Segment Start: Data records

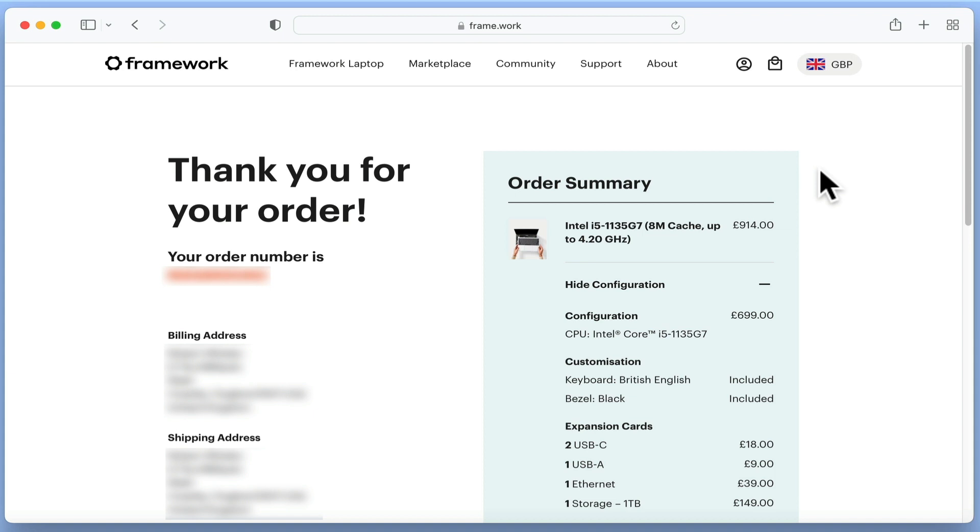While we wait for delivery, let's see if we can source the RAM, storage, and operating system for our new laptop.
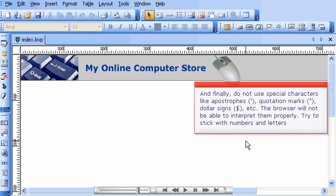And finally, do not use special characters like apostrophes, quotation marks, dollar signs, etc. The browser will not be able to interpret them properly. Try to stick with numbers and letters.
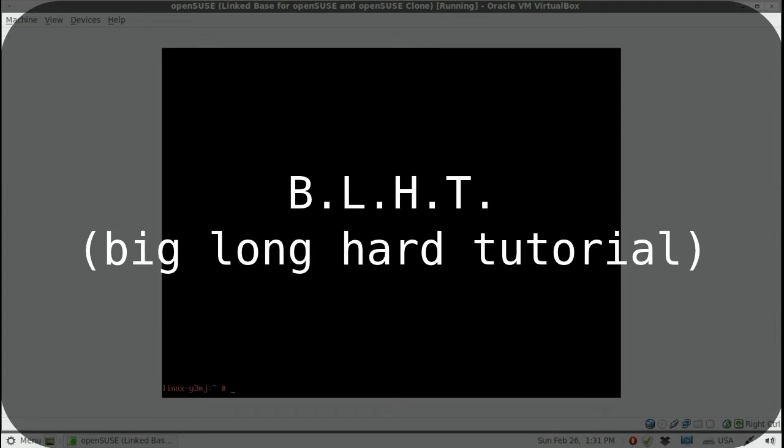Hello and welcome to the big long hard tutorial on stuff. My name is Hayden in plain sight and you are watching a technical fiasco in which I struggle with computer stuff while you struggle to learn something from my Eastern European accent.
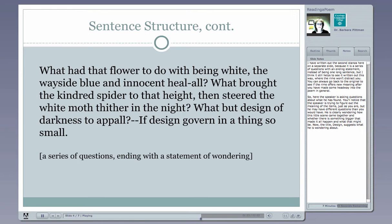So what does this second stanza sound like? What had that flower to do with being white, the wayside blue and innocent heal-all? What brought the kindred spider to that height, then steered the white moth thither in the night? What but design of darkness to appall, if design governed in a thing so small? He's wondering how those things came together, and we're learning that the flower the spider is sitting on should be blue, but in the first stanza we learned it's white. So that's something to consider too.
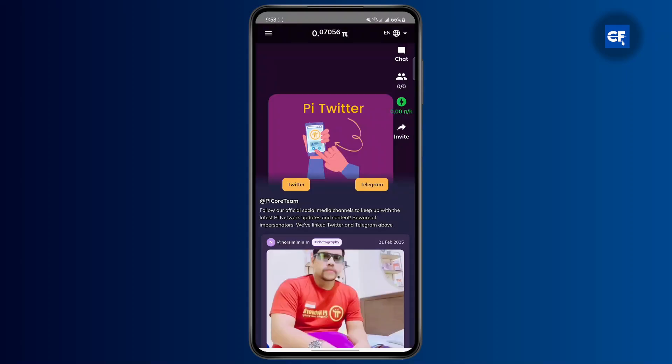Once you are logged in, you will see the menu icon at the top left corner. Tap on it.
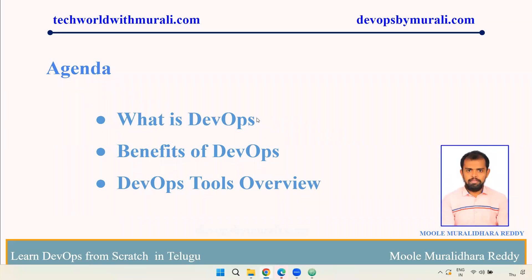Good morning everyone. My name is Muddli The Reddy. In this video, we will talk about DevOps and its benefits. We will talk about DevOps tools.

Segment End: Data records
Segment Start: Data records

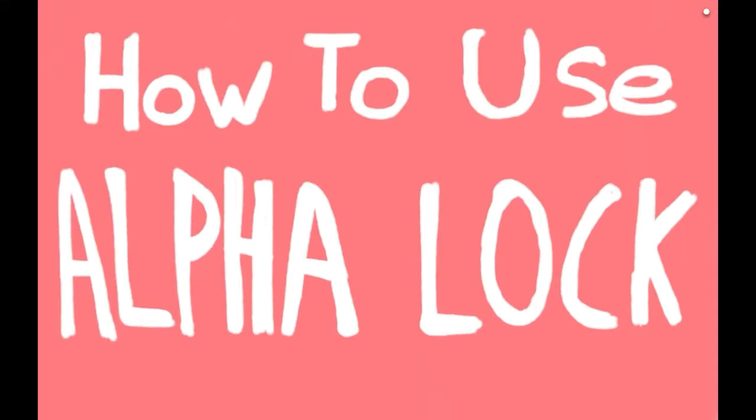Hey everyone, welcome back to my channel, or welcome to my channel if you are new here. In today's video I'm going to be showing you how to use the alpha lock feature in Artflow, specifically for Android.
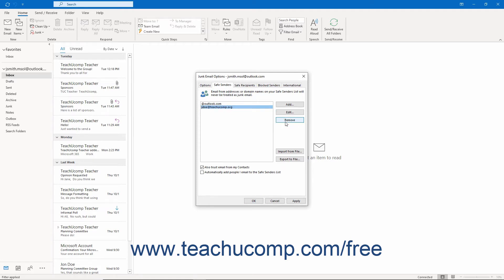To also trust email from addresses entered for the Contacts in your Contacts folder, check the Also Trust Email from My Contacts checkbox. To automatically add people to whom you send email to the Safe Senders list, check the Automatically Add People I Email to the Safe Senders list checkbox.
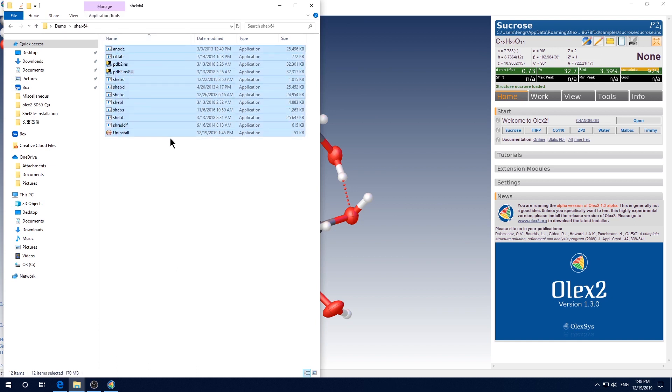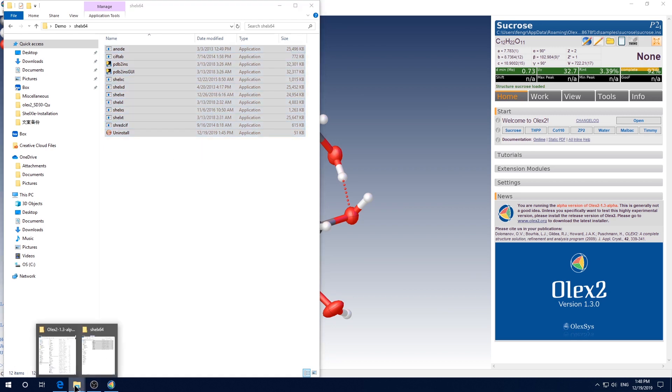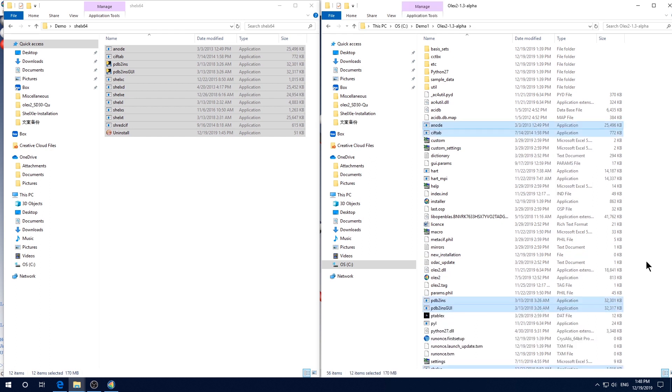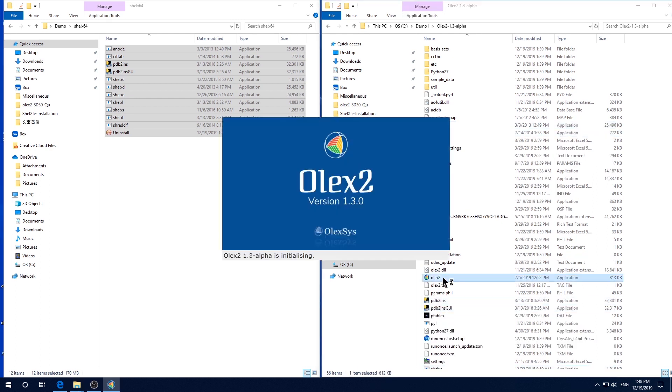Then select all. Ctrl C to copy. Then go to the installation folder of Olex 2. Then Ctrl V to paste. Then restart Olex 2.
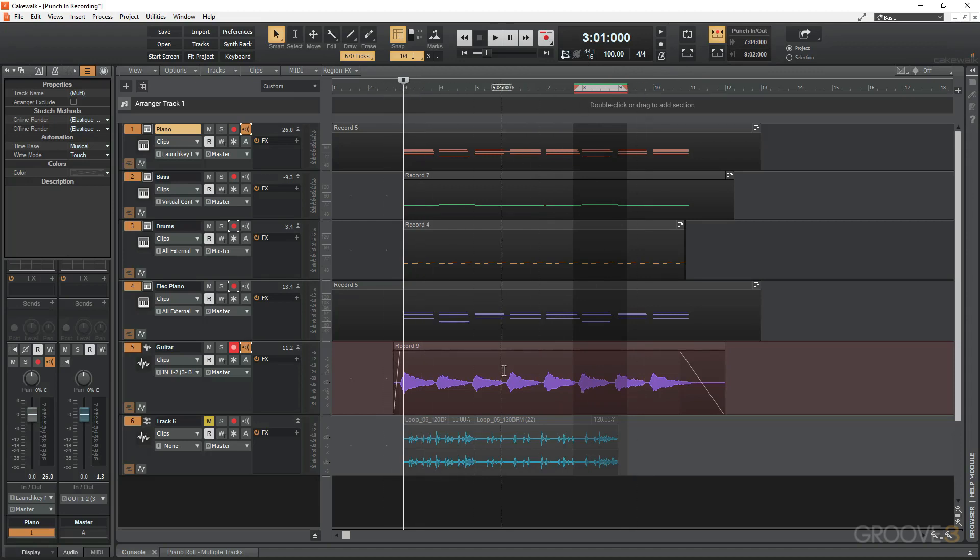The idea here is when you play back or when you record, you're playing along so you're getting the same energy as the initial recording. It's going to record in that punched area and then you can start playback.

Segment End: Data records

What to produce – Nothing but the lines from the one containing "So what does" through the one containing "Good morning everyone." should appear, copied exactly from the material above and without pictures.

Completed exercise –
So what does this second stanza sound like? What had that flower to do with being white, the wayside blue and innocent heal-all? What brought the kindred spider to that height, then steered the white moth thither in the night? What but design of darkness to appall, if design governed in a thing so small? He's wondering how those things came together, and we're learning that the flower the spider is sitting on should be blue, but in the first stanza we learned it's white. So that's something to consider too.
Once you are logged in, you will see the menu icon at the top left corner. Tap on it.
Good morning everyone. My name is Muddli The Reddy. In this video, we will talk about DevOps and its benefits. We will talk about DevOps tools.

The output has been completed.